DeepMind, London, UK.
Max Planck UCL Centre for Computational Psychiatry and Ageing Research, University College London, London, UK.
Nature. 2020 Jan;577(7792):671-675. doi: 10.1038/s41586-019-1924-6. Epub 2020 Jan 15.
Since its introduction, the reward prediction error theory of dopamine has explained a wealth of empirical phenomena, providing a unifying framework for understanding the representation of reward and value in the brain. According to the now canonical theory, reward predictions are represented as a single scalar quantity, which supports learning about the expectation, or mean, of stochastic outcomes. Here we propose an account of dopamine-based reinforcement learning inspired by recent artificial intelligence research on distributional reinforcement learning. We hypothesized that the brain represents possible future rewards not as a single mean, but instead as a probability distribution, effectively representing multiple future outcomes simultaneously and in parallel. This idea implies a set of empirical predictions, which we tested using single-unit recordings from mouse ventral tegmental area.
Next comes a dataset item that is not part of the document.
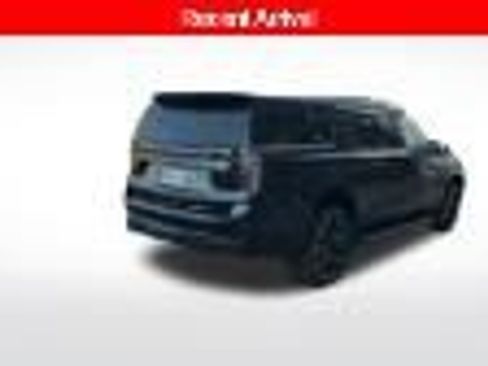 Used 2025 Chevrolet Suburban RST w/ Comfort Package AWD/4WD image 7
Our findings provide strong evidence for a neural realization of distributional reinforcement learning.
自提出以来,多巴胺的奖励预测误差理论解释了大量的经验现象,为理解大脑中奖励和价值的表示提供了一个统一的框架。根据现在的规范理论,奖励预测被表示为一个单一的标量量,支持对随机结果的期望或均值的学习。在这里,我们提出了一种基于多巴胺的强化学习的解释,这是受最近关于分布强化学习的人工智能研究的启发。我们假设大脑不是以单一的平均值,而是以概率分布的形式来表示可能的未来奖励,有效地同时并行地表示多个未来结果。这个想法暗示了一系列经验预测,我们使用来自小鼠腹侧被盖区的单个单元记录来测试这些预测。我们的发现为分布强化学习的神经实现提供了强有力的证据。